:: DIRECTIONS FOR THIS TASK ::
Return the lines below that carry the word "Brain".

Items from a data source
>>>>

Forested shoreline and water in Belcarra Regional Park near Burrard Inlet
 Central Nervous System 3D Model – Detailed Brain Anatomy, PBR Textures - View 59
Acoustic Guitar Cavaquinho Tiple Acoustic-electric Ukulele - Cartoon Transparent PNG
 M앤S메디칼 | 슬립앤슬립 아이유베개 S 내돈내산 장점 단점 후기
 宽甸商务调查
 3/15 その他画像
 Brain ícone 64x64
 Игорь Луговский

<<<<

:: RESPONSE TO THE EXERCISE ::
 Central Nervous System 3D Model – Detailed Brain Anatomy, PBR Textures - View 59
 Brain ícone 64x64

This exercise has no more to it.